However, one more possible scenario of keeping Putin at the top has appeared.
Under it, a fully loyal successor is elected in 2008 and leaves a year later, at the most, "unable to shoulder the burden of power." New elections are scheduled and Putin returns to the Kremlin, getting the electoral support for two more terms.
Who may agree to sit in the Kremlin for one year? One possible candidate is St. Petersburg Governor Valentina Matviyenko.
Sources say Vadim Tyulpanov, the speaker of the city's Legislative Assembly, said off record during the recent celebrations of the 100th anniversary of the first State Duma in St. Petersburg that the 2008 elections would proceed according to this scenario.

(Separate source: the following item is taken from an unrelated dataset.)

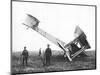 Alcock and Brown's Aeroplane after Completing the First Non-Stop Transatlantic Flight, 1919-null-Mounted Giclee Print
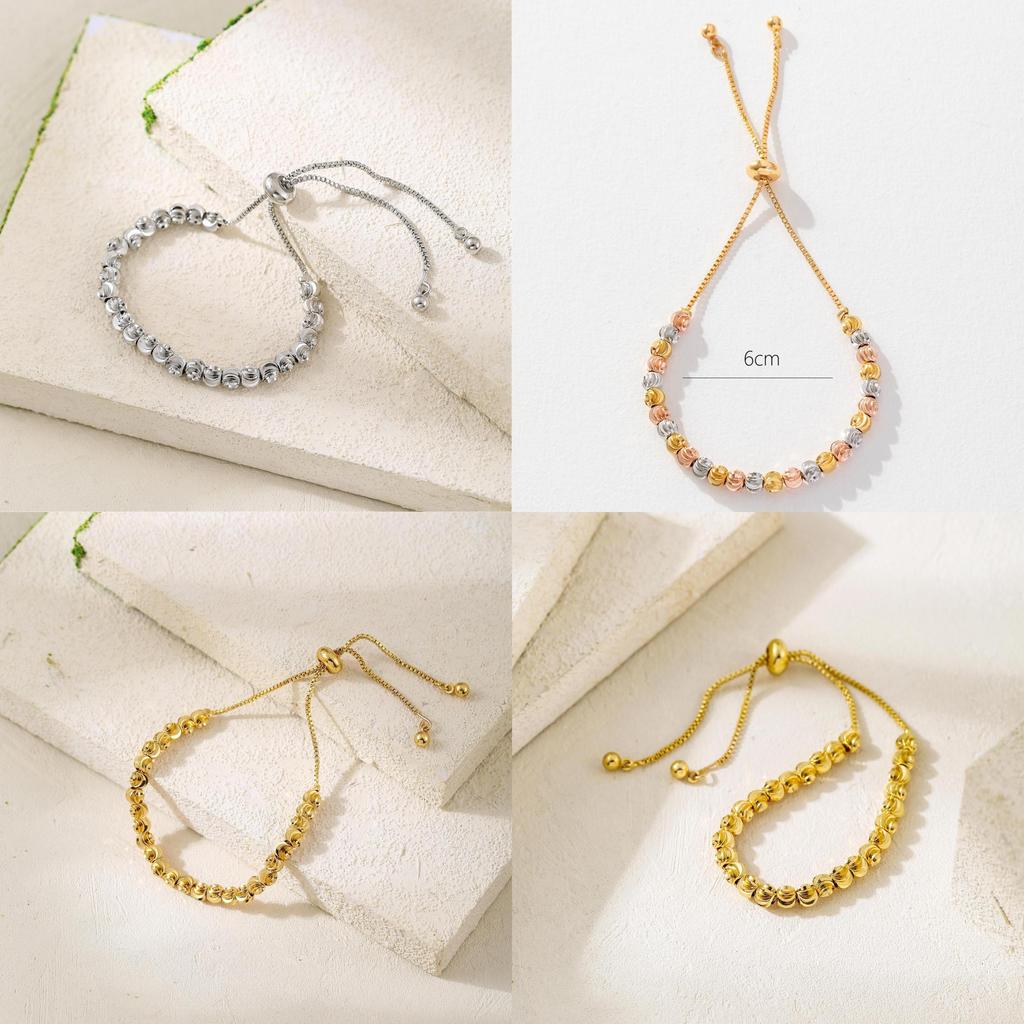 Elegant Travel Memory Bracelet With Copper Alloy And Electroplating For Women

However, he later said in reply to a direct question from Moskovskiye Novosti that he had not said anything of the kind and refused to comment on "the third way" and possible candidates for a "temporary president."

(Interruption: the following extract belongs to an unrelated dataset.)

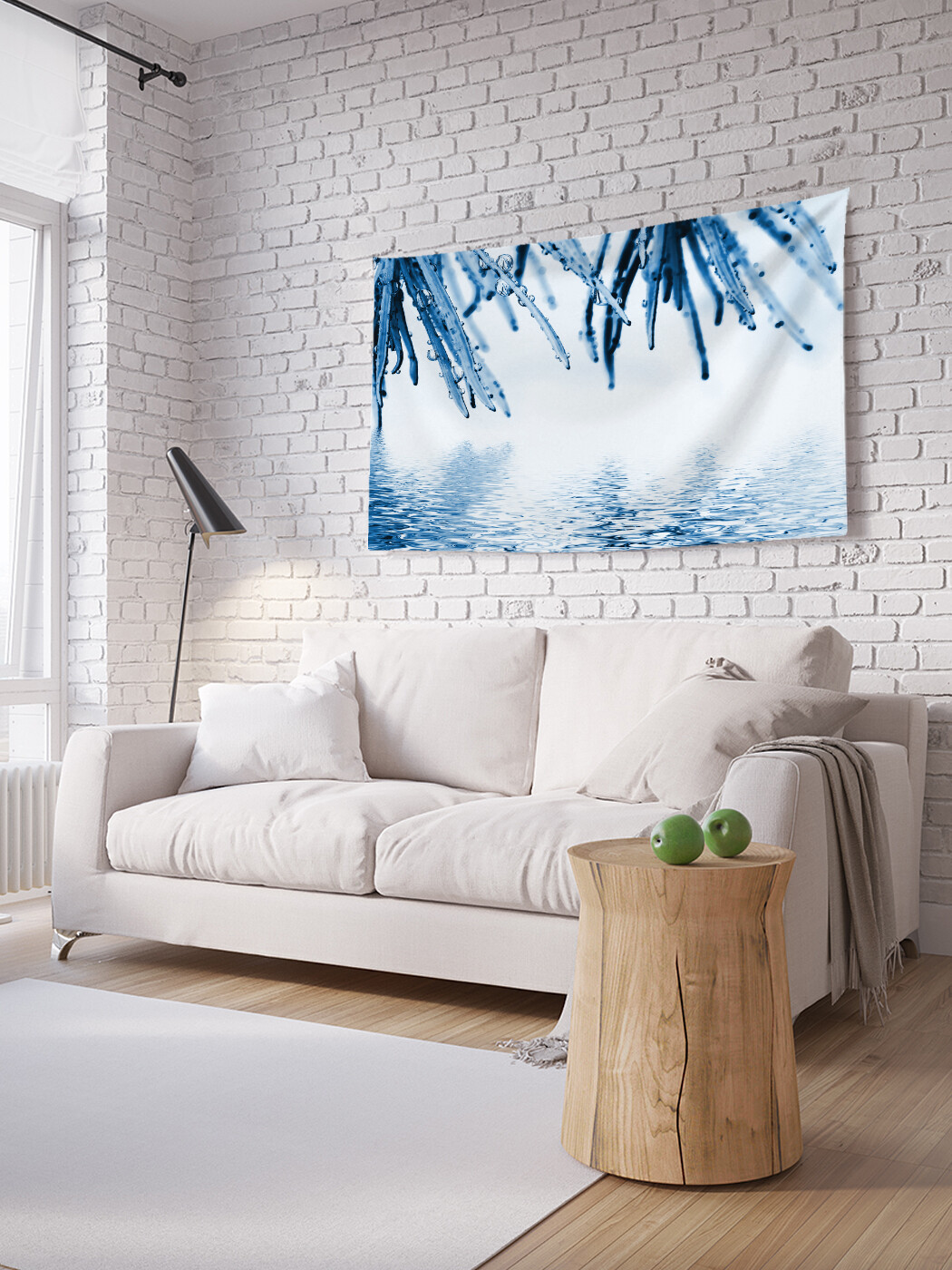 

Горизонтальное фотопанно JoyArty Тропические льды, из ткани, 150х200 см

Skeptics doubt that the voters would accept a temporary president. On the other hand, if they support the idea and Matviyenko is elected, her team might later convince her that the people want another Catherine the Great.
Putin is no lame duck
President Vladimir Putin's rating has reached 54%. His popularity is almost back to its level of two years ago, even though last year the president's ratings fell to almost 40%. Sociologists told the paper that judging by the current rating the president cannot be considered a lame duck.
In a survey on May 13-14, 2006, the Public Opinion Foundation (FOM) addressed 3,000 respondents in 200 Russian cities and townships.
The poll showed that Putin's popularity ratings had risen by 4 points since the previous survey of 10 days ago. Last year, they ranged between 47-49%. Now that the downturn has been reversed, the dynamics look paradoxical against the backdrop of Putin's repeatedly stated desire to leave office in 2008. But the electoral ratings of his potential successors - Dmitry Medvedev and Sergei Ivanov - are very low now, at 1% each, and do not even exceed the statistical margin of error (2.5%).
The Foundation conducted the survey just a few days after Putin made his state of the nation address to the Federal Assembly. FOM head Alexander Oslon said the president's soaring rating was linked to his address to the political elite on May 10. "There is a factor that can be easily cited - it is the address [to the Federal Assembly]. There was nothing else," the sociologist said.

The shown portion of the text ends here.